━━━━━ DATA
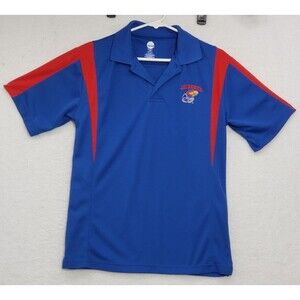 KU polo Kansas Jayhawks  mens shirt Size Small Blue and Red Embroidered NCAA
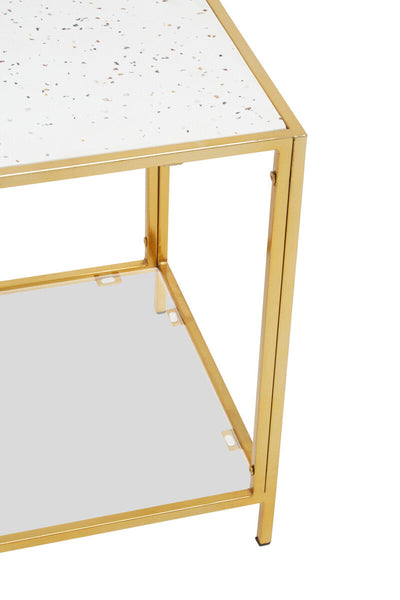 Glass Top Side Table with White Terrazzo Effect Shelf and Gold Metal Frame | Novi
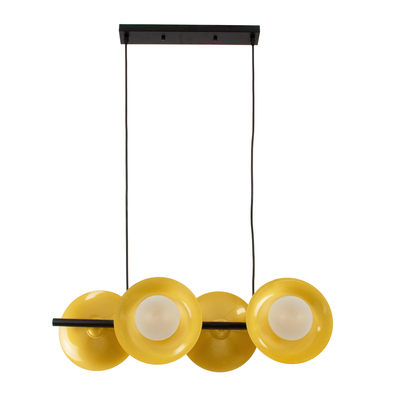 GloboStar® JOLIET 00782 Μοντέρνο Κρεμαστό Φωτιστικό Ανάρτηση Πολύφωτο 4 x G9 Μαύρο & Χρυσό Μέταλλο - Μ65 x Π28 x Υ20cm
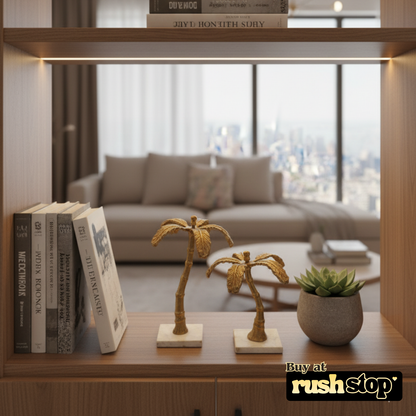 Handcrafted golden palm tree, designer resin sculpture, premium resin decor India – Rush Stop, free shipping home decor India.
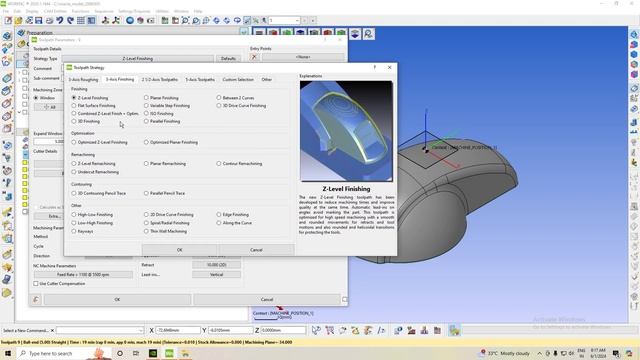 WORK NC TUTORIAL OPTIMIZED & Z-LEVEL FINISHING  HINDI TUTORIAL #solidworks #cadcam #worknc  #vmc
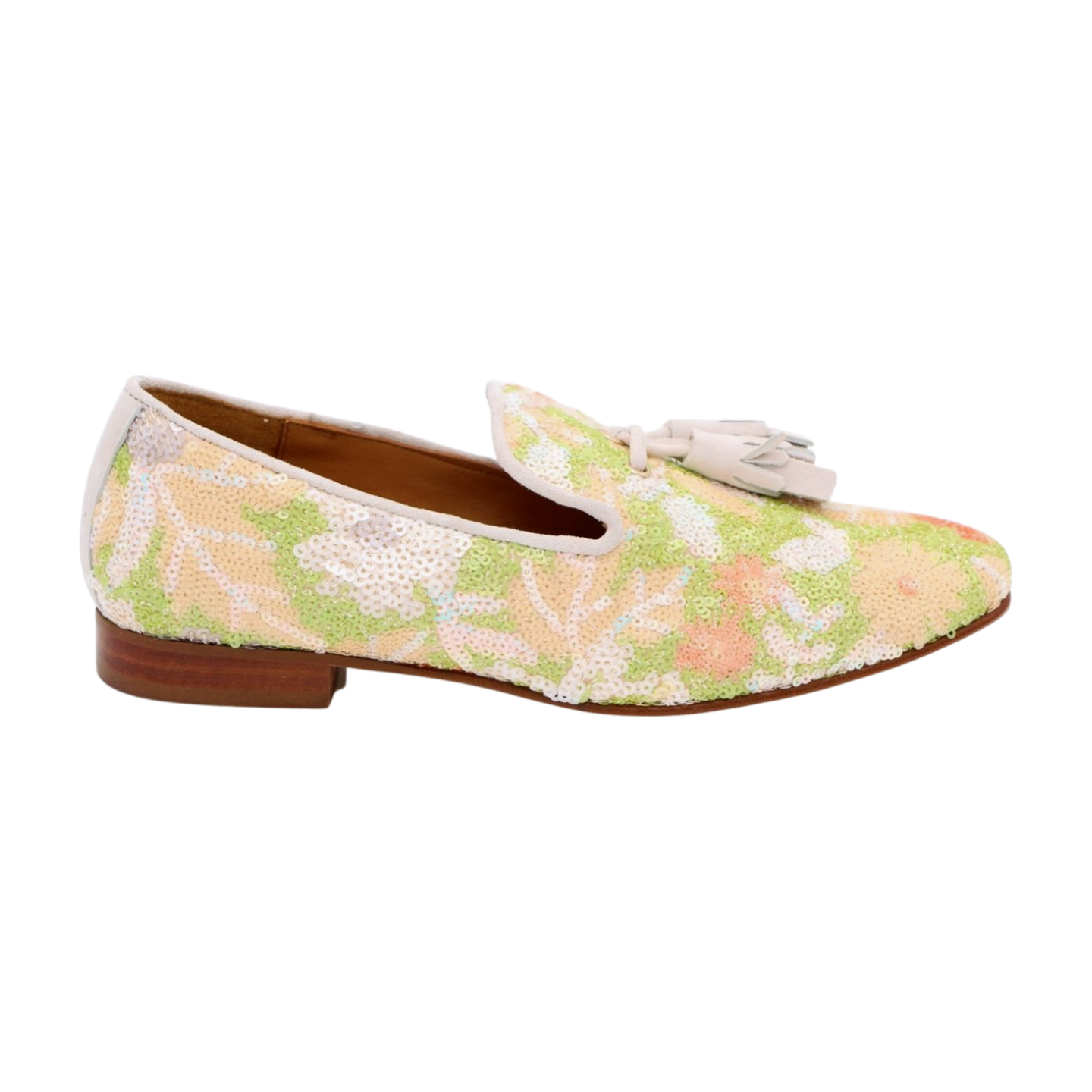PEDRO MIRALLES Women's Green & Peach Sequins Loafers with Tassels - Stylish Slip-On Shoes for Women | Perfect for Office, Parties & Casual Outings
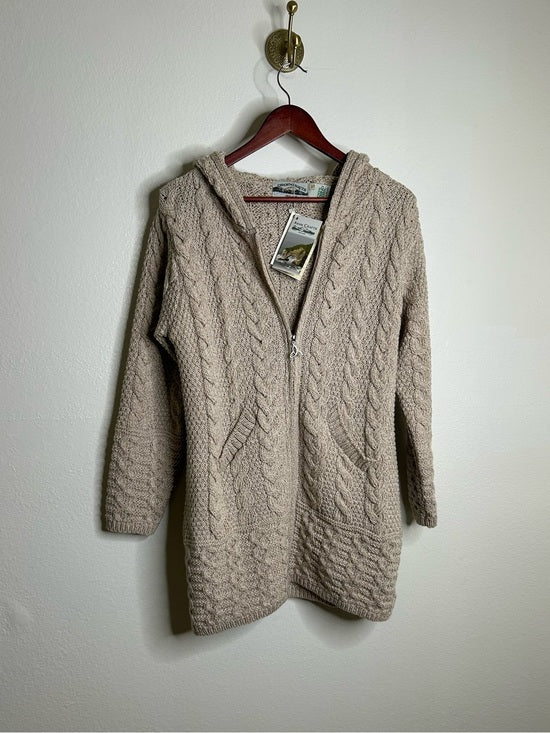 Aran Crafts Aran Crafts 100% Merino Wool Tan Thick Cable Knit Hooded Zip Front Sweater - Wool
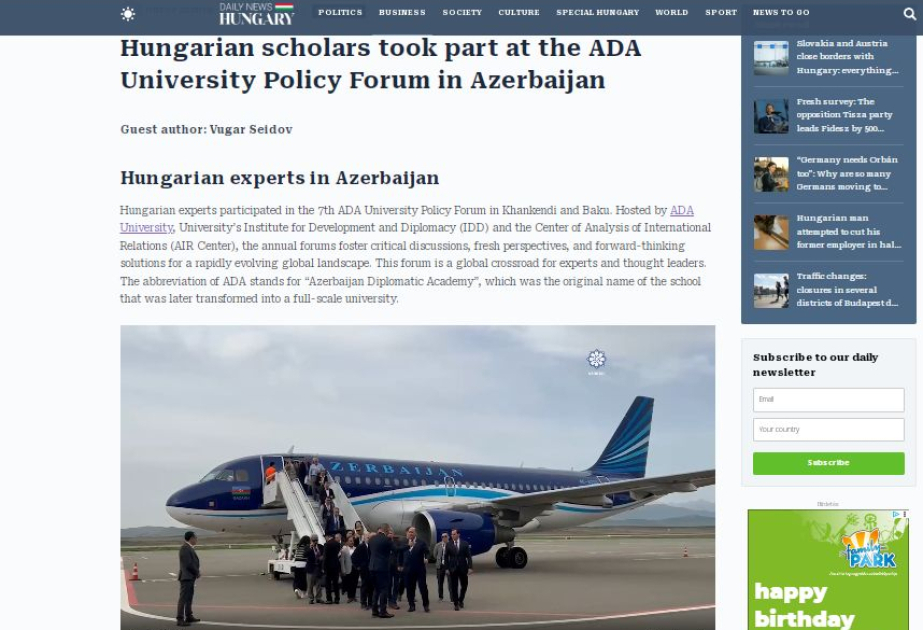 ADA University-hosted International Policy Forum in Khankendi and Baku in spotlight of Hungarian media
━━━━━━━━━━
▶ GOAL OF THE EXERCISE
Without any pictures, please reproduce the full set of entries.

▶ EXERCISE SOLUTION
 KU polo Kansas Jayhawks  mens shirt Size Small Blue and Red Embroidered NCAA
 Glass Top Side Table with White Terrazzo Effect Shelf and Gold Metal Frame | Novi
 GloboStar® JOLIET 00782 Μοντέρνο Κρεμαστό Φωτιστικό Ανάρτηση Πολύφωτο 4 x G9 Μαύρο & Χρυσό Μέταλλο - Μ65 x Π28 x Υ20cm
 Handcrafted golden palm tree, designer resin sculpture, premium resin decor India – Rush Stop, free shipping home decor India.
 WORK NC TUTORIAL OPTIMIZED & Z-LEVEL FINISHING  HINDI TUTORIAL #solidworks #cadcam #worknc  #vmc
PEDRO MIRALLES Women's Green & Peach Sequins Loafers with Tassels - Stylish Slip-On Shoes for Women | Perfect for Office, Parties & Casual Outings
 Aran Crafts Aran Crafts 100% Merino Wool Tan Thick Cable Knit Hooded Zip Front Sweater - Wool
 ADA University-hosted International Policy Forum in Khankendi and Baku in spotlight of Hungarian media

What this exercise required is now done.